## Activity
Pictures in the listing below are skipped, while the lines from the "Mobile scarpiera modulabile" line through the "Post-Modern Glass Chandelier" line are returned word for word.

## Data for processing
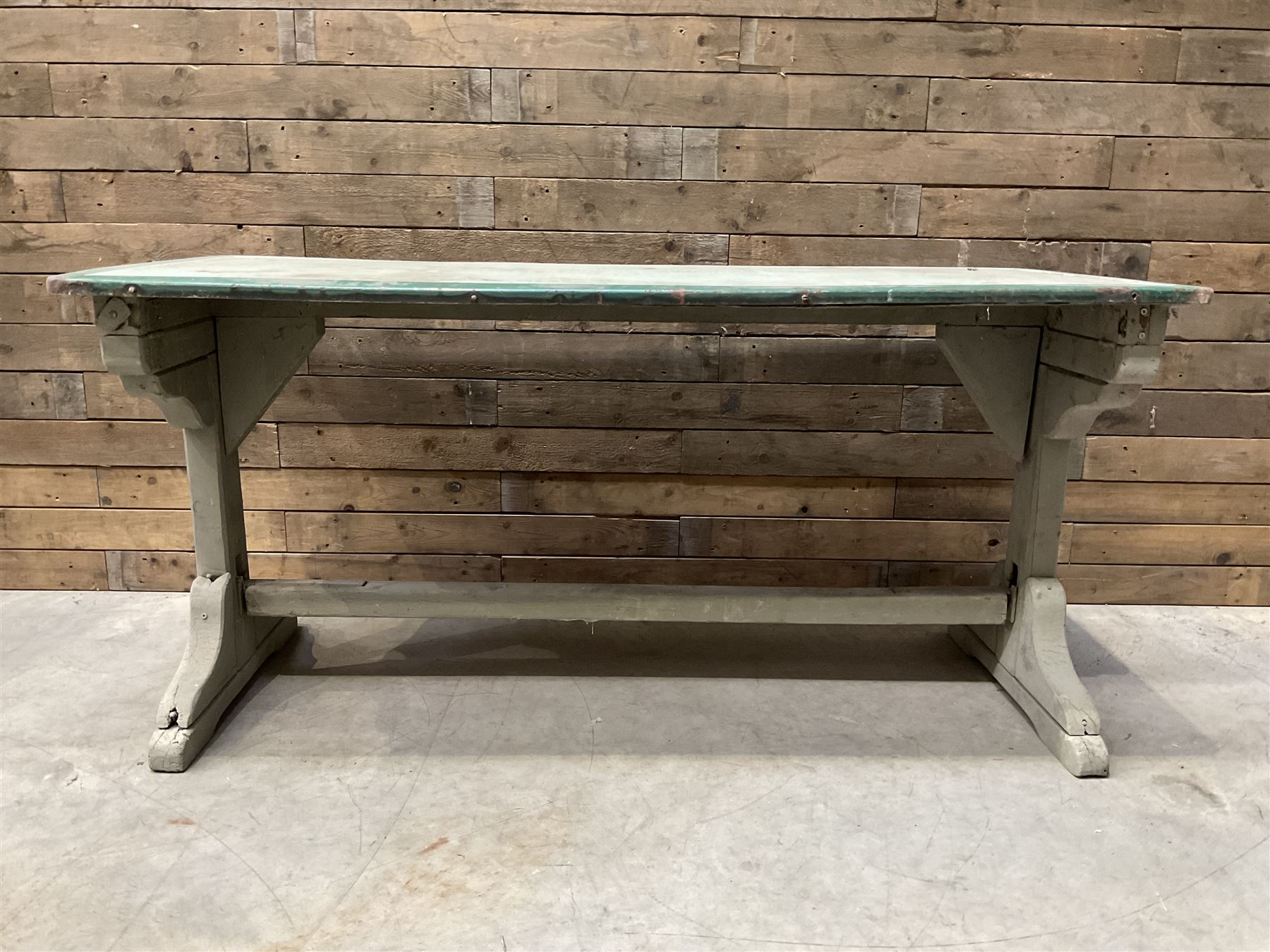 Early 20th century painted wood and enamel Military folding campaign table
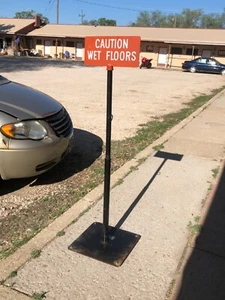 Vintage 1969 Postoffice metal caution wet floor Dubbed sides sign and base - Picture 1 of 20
---
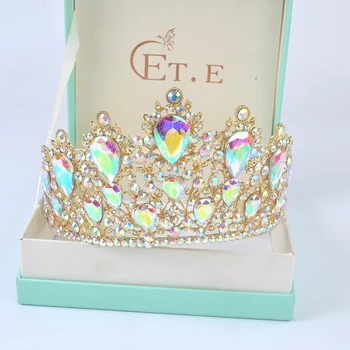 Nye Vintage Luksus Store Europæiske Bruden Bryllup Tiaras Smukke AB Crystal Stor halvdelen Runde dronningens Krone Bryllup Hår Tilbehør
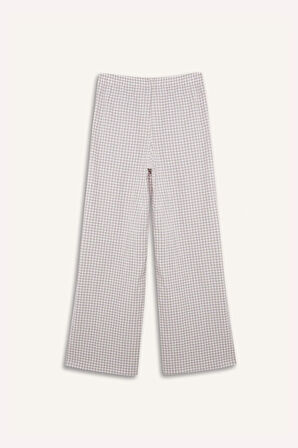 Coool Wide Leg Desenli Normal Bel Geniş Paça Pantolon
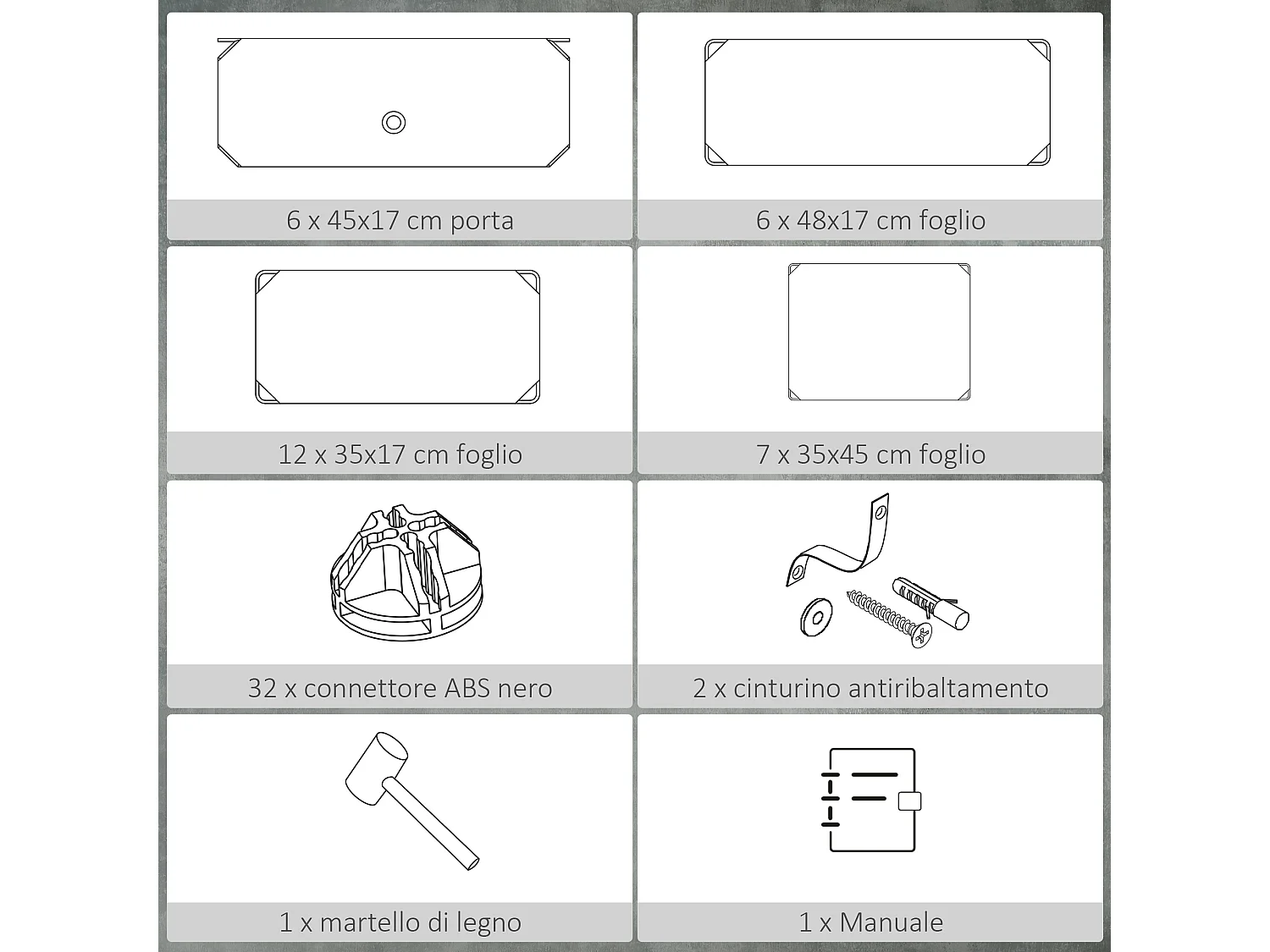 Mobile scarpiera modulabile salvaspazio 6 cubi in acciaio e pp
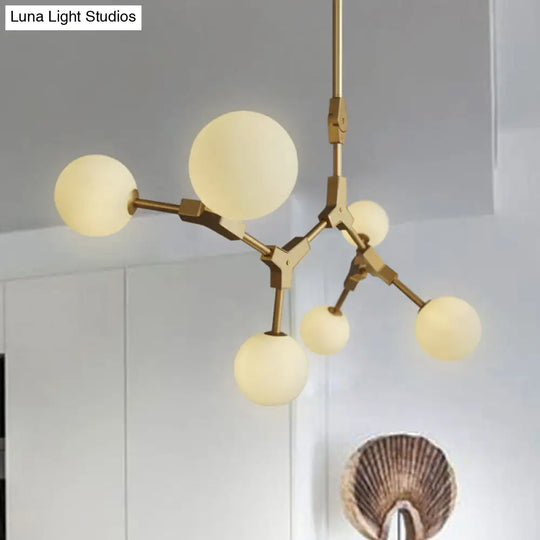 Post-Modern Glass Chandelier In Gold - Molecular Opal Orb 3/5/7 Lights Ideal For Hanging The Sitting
---
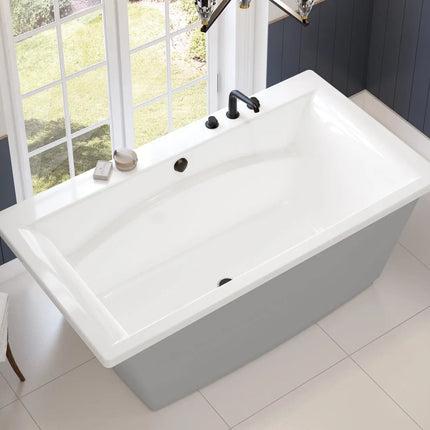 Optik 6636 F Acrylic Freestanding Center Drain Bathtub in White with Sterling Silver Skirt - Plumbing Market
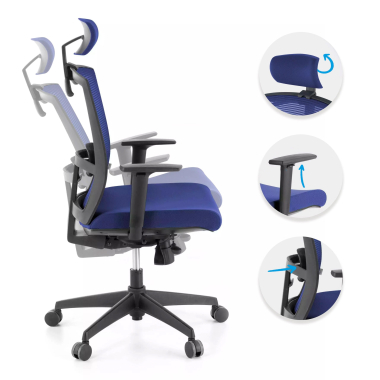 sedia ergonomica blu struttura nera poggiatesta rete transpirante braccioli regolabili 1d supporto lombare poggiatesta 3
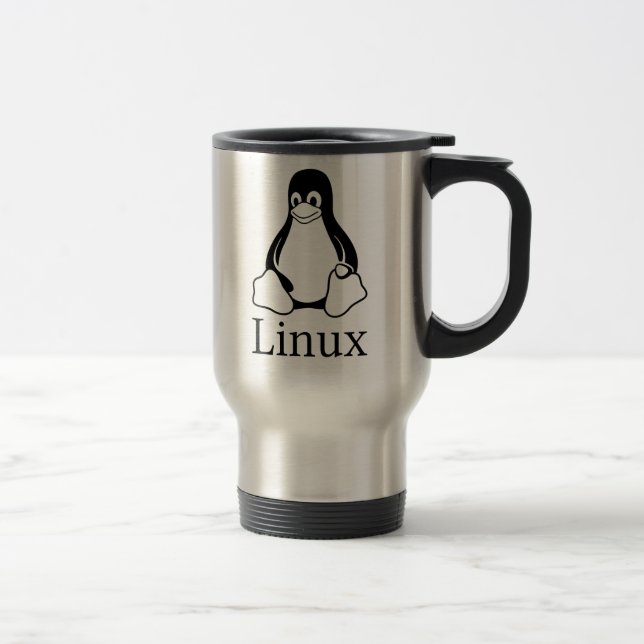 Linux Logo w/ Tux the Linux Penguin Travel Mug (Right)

## Result of the task
 Mobile scarpiera modulabile salvaspazio 6 cubi in acciaio e pp
 Post-Modern Glass Chandelier In Gold - Molecular Opal Orb 3/5/7 Lights Ideal For Hanging The Sitting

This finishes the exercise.